For a start, most of the broadcasts and breaking news and interviews focused on the issue of what poor Camilla would be called. She would not dare to call herself princess of Wales, would she? She couldn't ever be queen, could she? And eventually, two hours later, Charles's expensive spin doctors and PR people issued a statement defining what the woman would or would not be called.

Then there were hours of debate about whether a civil ceremony would be a proper marriage for a head of the church, or whether a church wedding would be worse. Then they debated whether Charles was only marrying Camilla now because the House of Commons Public Accounts Committee might uncover something too damaging about what he had spent on the lady. Or because the results of the second inquest into Princess Diana's death were to be published, possibly throwing up even more bad publicity about the royal family. Or because the Archbishop of Canterbury said that they should regularise their situation.

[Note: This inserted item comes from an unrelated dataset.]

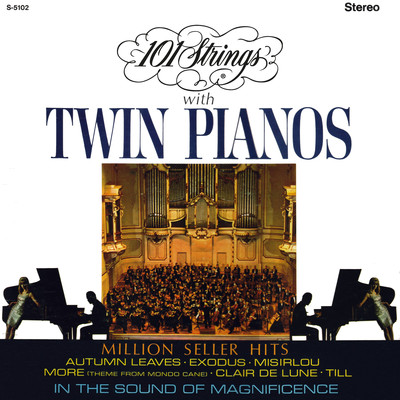 アルバム/101 Strings (with Twin Pianos) [Remaster from the Original Alshire Tapes]/101 Strings Orchestra
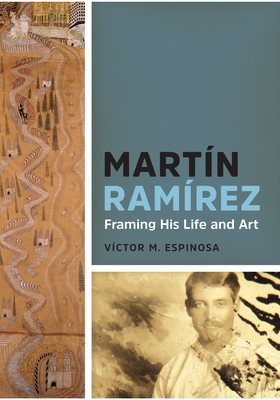 Martn Ramrez: Framing His Life and Art - Espinosa, Vctor M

And as if all this wasn't bad enough for a couple planning their wedding, it was said that the Labour party was incandescent with rage because Charles and Camilla's plans were messing up the timing of the next election.

I am basically a big custard-heart. I don't know these people at all. I've watched them for three decades, notebook in hand, but I don't know them or know anybody who knows them.

But I am interested in their love story.

I think Charles is arrogant and selfish, but the roots of that lie in his upbringing.

I think Camilla is basically a decent and horsey cardigan who loves Charles and is prepared to go through all this (like she has gone through so much already) from the sheer accident of falling in love with him. And really, I don't think she cares what she is called. She isn't even trying to be "queen of hearts", and it must be painful and hurtful when she is compared to her beautiful, warm, but deeply unhappy predecessor.

The young have no interest in the affairs and doings of such elderly people.

The Diana activists may feel that somehow Camilla triumphed in the end, and perhaps they will dislike her for that.

I can't be the only person in the world who doesn't think hereditary monarchy is a good idea but who still does genuinely wish these two confused middle-aged people a great wedding day and a good time together.